Ich konnte mich auf die Lieder dieses Mal nicht so einlassen. Vielleicht weil sie mir teilweise fremd waren, weil die Umgebung eine neue war und weil ich auf den Heiligen Geist hören wollte. Dazu musste ich die Augen erstmal geöffnet lassen, damit mir der Heilige Geist jemanden zeigen konnte. Tatsächlich hatte ich bald eine Person auf dem Herzen, aber keinen Text, den ich hätte sagen können. Ich blieb einfach offen.

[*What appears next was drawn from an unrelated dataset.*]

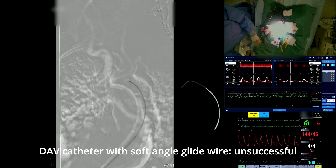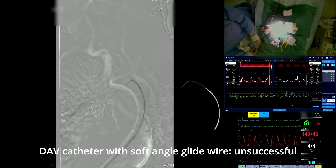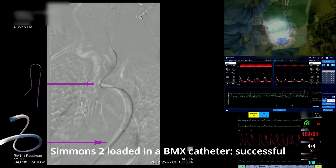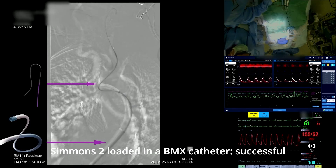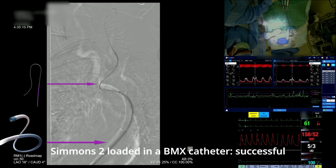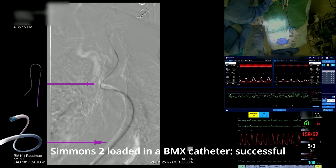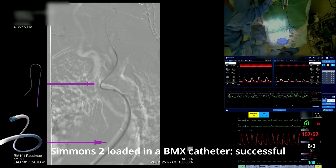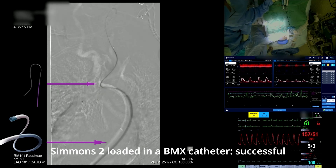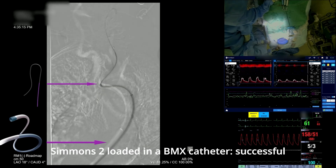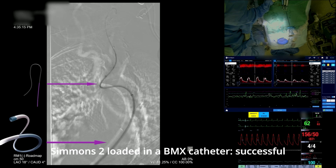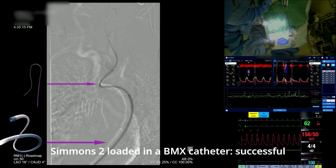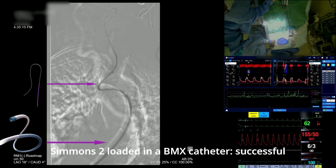At this time, the catheter was exchanged for a Simmons II, again loaded into a BMX catheter, and finally the left CCA was successfully cannulated. The TCD showed minimal embolization with no major perfusion changes.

Wer ist dein Problemlöser?

Im Gebet für Kay dankte Andreas Gott, dass der Heilige Geist nicht an Raum und Zeit gebunden sei. Kay begann seine Predigt mit den Worten „Gott meint es gut mit dir. Er sitzt nicht da oben im Himmel und es interessiert ihn nicht, wie es dir geht. Doch, es interessiert ihn. Was denkt Gott über dich? Das ist uns so wichtig. Wir müssen täglich hören, was Gott über uns sagt. Über die Bibel ist eine Möglichkeit, besonders durch das Johannesevangelium. Mit unserem menschlichen Verstand können wir es nicht verstehen, aber der Heilige Geist übersetzt.“ Im Gottesdienst hätten wir darüber hinaus eine gute Übungsfläche, Gott zu hören. „Ich versuche oft noch Probleme selber zu lösen anstatt Gott zu sagen, ich habe das und das Problem. Schick mir Menschen, oder hilf mir auf andere Art. Gott ist Profi im Problemlösen und im Freude geben, auch wenn uns gerade nicht danach zumute ist. Er ist auch Profi im Frieden geben.“

Kay bat seine Frau Azzizah ein Kapitel aus dem Buch, an dem sie schreibt, vorzulesen. Es gehe immer darum, dass wir hungrig werden. Sie begann mit „Jesus, einfach nur Jesus.“ Wow, dachte ich, das berührt etwas in mir. Azzizah las weiter, dass sie sich nicht mehr Christin nenne, weil sie die Ansprüche einer christlichen Vereinigung nicht erfüllt habe. Sie sehe Glaube als Beziehung mit Gott. Das ist nichts, was ihr abgesprochen werden könne.

Scheinbare Sackgasse

Es gab eine Zeit in ihrem Leben, da war sie lebensmüde und hochschwanger. „Ich brauchte etwas, das mich am Leben festhielt. Ich konnte nicht schlafen. Ich fand im Flur keine Zeitschrift. Zurück im Zimmer fand ich das Neue Testament. Mein Ziel war einzuschlafen.“ Der Stammbaum zu Beginn des Neuen Testaments weckte etwas in ihr auf, dann spürte sie ein Zischen. „Irgendwer hatte mir einen brennenden Pfeil ins Herz geschossen, der alles verbrannte, was mir weh getan hatte. Ich hörte eine Stimme, die mir vertraut war. Ich hörte Antworten auf eine Frage, die ich ins Universum geschrien hatte in der letzten Nacht. ‚Azzizah, Jesus ist, was ich von dir will.‘ Es brannte stärker. Auf einmal war es, als würde ich am ganzen Leib brennen. Es war ein kontrolliertes Feuer, das wusste, was es verbrannte. Ich sah mich dann als neugeborenes Baby in den den Armen Gottes. Ich fühlte mich so geliebt. Ich wusste nicht, wie es sich anfühlt, geliebt zu werden. Es war eine geistliche Nacht. Ich begriff, dass ich auch aus Geist bestand.“ Sie las in der Bibel die ganze Nacht. „Warum wollte Gott Jesus von mir? Ich hatte den Grund, um weiterzuleben.“ Azzizah möchte Reich Gottes bauen, Menschen lieben wie er. „Gott hat in der Nacht nur Liebe in mich gesprochen, nichts gefordert.“ Diese Liebe war für mich spürbar.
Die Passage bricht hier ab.